Limitation de l’immigration – La Suisse s’attend au retour de bâton de l’UE
Le référendum en faveur d’une limitation de l’immigration organisé dimanche par la droite populiste a recueilli 50,3 % des voix. Une courte majorité, mais suffisante pour mettre un terme à la libre circulation conclue avec Bruxelles. La victoire des nationalistes est incontestable, mais ce vote risque d’avoir des conséquences négatives. La Suisse n’avait sans doute pas besoin de cette nouvelle source d’affrontement avec l’Union européenne. Après les dossiers brûlants et toujours en attente des banques et des affaires fiscales, la voilà confrontée à un problème supplémentaire susceptible d’empoisonner ses relations avec l’Union européenne.
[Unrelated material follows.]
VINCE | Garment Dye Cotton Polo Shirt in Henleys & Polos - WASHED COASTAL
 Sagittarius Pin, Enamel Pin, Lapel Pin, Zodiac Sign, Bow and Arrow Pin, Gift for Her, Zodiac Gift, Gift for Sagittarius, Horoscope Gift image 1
Le ministre suisse des Affaires étrangères, Didier Burkhalter, va dès ce lundi prendre le chemin des principales capitales, en commençant par Berlin, pour tenter d’apaiser la mauvaise humeur de ses partenaires. Les réactions au scrutin ont en effet été des plus sévères. Des accords bilatéraux existants sur l’agriculture, le transport ou la recherche par exemple, sont d’ores et déjà sur la sellette. Le résultat sur le référendum a jeté un froid et Berne s’attend à ce que ces négociations en cours marquent le pas et pour bien longtemps. Les changements sur le terrain n’interviendront donc pas du jour au lendemain. Les étrangers qui travaillent et habitent en Suisse, comme les frontaliers qui traversent chaque jour la frontière ne seront pas touchés. Seuls les éventuels nouveaux venus seront concernés par les restrictions à terme. Par-dessus tout, la Suisse redoute de Bruxelles qu’elle invoque la clause guillotine qui signifierait à peu de choses près, une rupture de la coopération et une totale remise à plat des relations. Le gouvernement suisse est dans l’obligation de préparer une loi d’application des nouvelles normes touchant à l’immigration. Il va s’y résoudre, en essayant malgré tout de sauver la voie bilatérale.
Donnant-donnant
La Commission européenne a fait savoir de son côté qu’elle regrettait le résultat du scrutin. Elle indique qu’elle examinera les implications de cette initiative sur ses relations avec la Suisse, à commencer par la remise en cause de l’accès de la Suisse au marché intérieur européen, comme l’explique le ministre luxembourgeois des Affaires étrangères,Jean Asselborn, c’est du donnant-donnant : « Il y a une logique très importante !, explique-t-il. D’un côté la libre circulation des citoyens de l’Union européenne, d’un autre côté, l’accès privilégié au marché intérieur qui a été accordé à la Suisse. Les deux sont liés : une ne va pas sans l’autre. Je pense qu’en Suisse, chaque troisième franc suisse est gagné par le marché avec l’Union européenne. Ce qui, entre nous, aura certainement des conséquences directes ou indirectes sur l’emploi aussi en Suisse ». « L’Union européenne n’est pas une organisation qui refuse toute négociation, insiste Jean Asselborn. Mais ici, il faut être clair, la liberté de circuler des citoyens européens ne peut être bradée. Cet accès privilégié au marché intérieur européen avec comme contrepartie la liberté de circulation des citoyens de l’Union européenne. La balle est dans le camp des Suisses. Si effectivement cette libre circulation est remise en cause, beaucoup de choses seront remises en cause. Je ne vais pas aujourd’hui jusqu’à dire que Schengen va tomber, que toute relation avec le marché intérieur va tomber, mais les risques existent ! » Cette votation est un nouvel exemple de démocratie directe, un exemple rare à travers le monde, car c’est le peuple suisse qui a le dernier mot. C’est l’approche du camp des vainqueurs du scrutin d’hier, dimanche. Les nationalistes ont beau jeu de répéter à l’envi que la Suisse est bien le seul pays à consulter directement son peuple en ces matières et que la confédération donne l’exemple. Un exemple que devraient suivre, à leurs yeux, les autres gouvernements. Et ils se plaisent à laisser entendre qu’ailleurs une réponse similaire serait, sans coup férir, donnée.